Paul Walsh Field
- Interactive map of Paul Walsh Field
- Location: Parker Street and Hunter Street, New Bedford, Massachusetts, US
- Coordinates: 41°38′32″N 70°56′48″W﻿ / ﻿41.642273°N 70.946751°W

Tenant
- New Bedford Bay Sox (NECBL) (2009–2019)

= Paul Walsh Field =

Sports facility in Massachusetts, US

Paul Walsh Field is a multi-purpose sports facility located in New Bedford, Massachusetts, United States. The field is part of the athletic facilities of nearby New Bedford High School. Its primary use is for baseball.

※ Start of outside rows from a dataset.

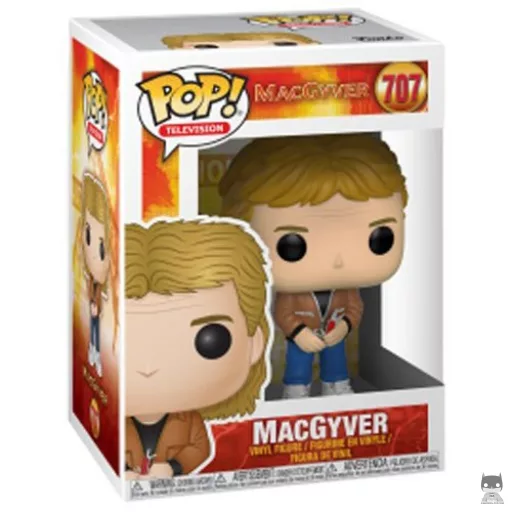 MacGyver Funko Pop! figure (MacGyver)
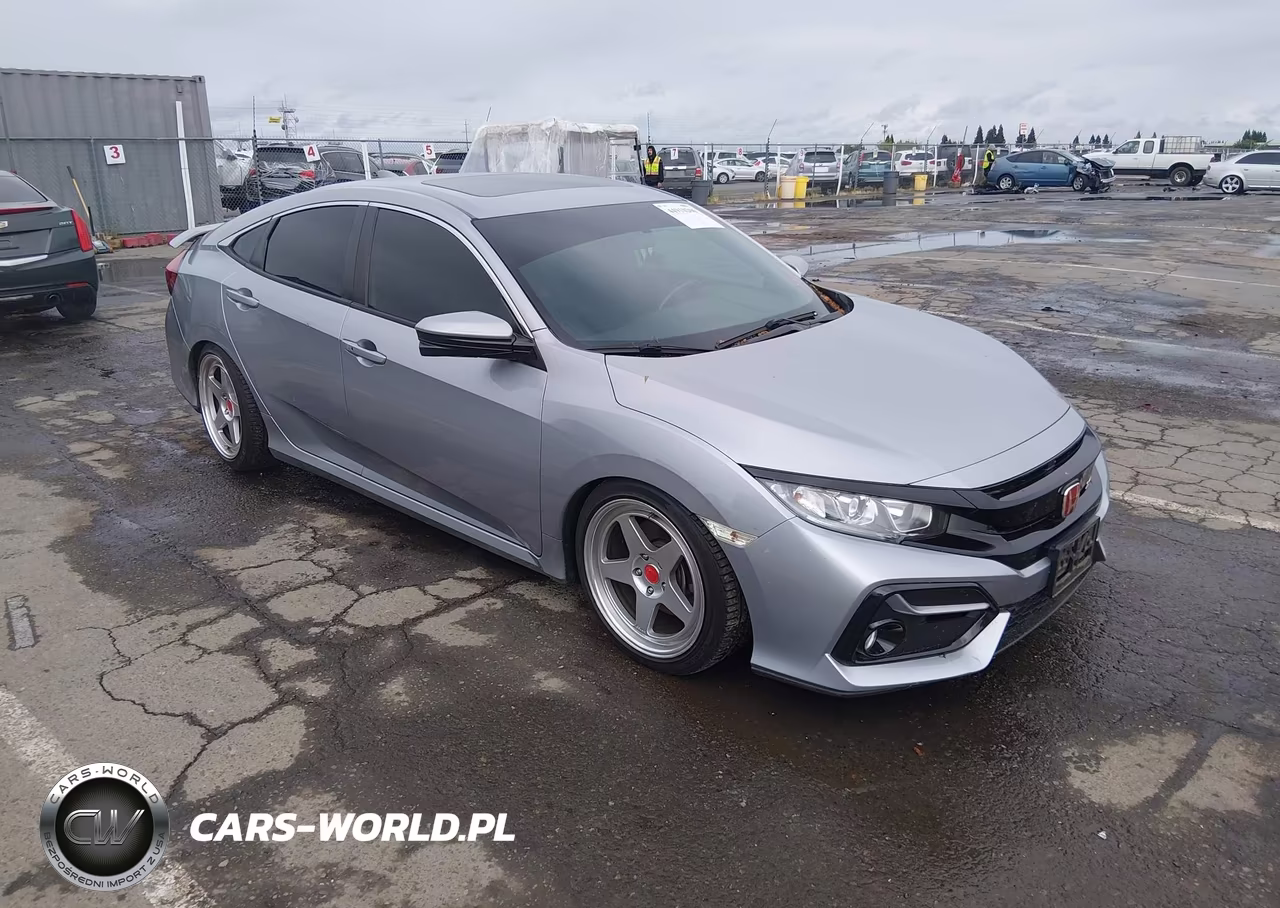 2018 Honda Civic Si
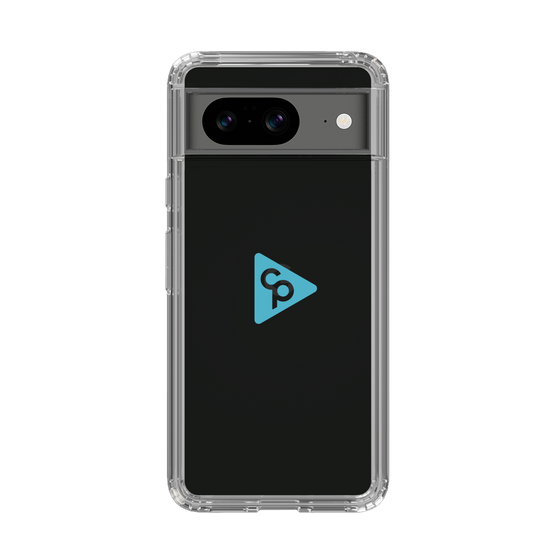 Slim Protection Case［ オリジナル - caseplayロゴ - ライトブルー/C ］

Specifically, it served as the former home of the New Bedford Bay Sox of the New England Collegiate Baseball League, a collegiate summer baseball league. The Bay Sox hold a non-exclusive contract for usage of the field, allowing for interscholastic sporting events to continue to be played at the facility.

==Arsenic issue==
In the summer of 2008 arsenic was discovered on both of the facility's baseball diamonds. While the arsenic was found in moderate amounts, officials did not believe it posed immediate danger to the public. It is believed the arsenic levels stem back to the location's industrial usage during the 1960s. Remediation of the field, involving the replacing of arsenic-poisoned grass and soil, began in November 2008.

==Bay Sox attendance==
The following is a list of New Bedford Bay Sox attendance figures since the team began playing at Paul Walsh Field in 2009.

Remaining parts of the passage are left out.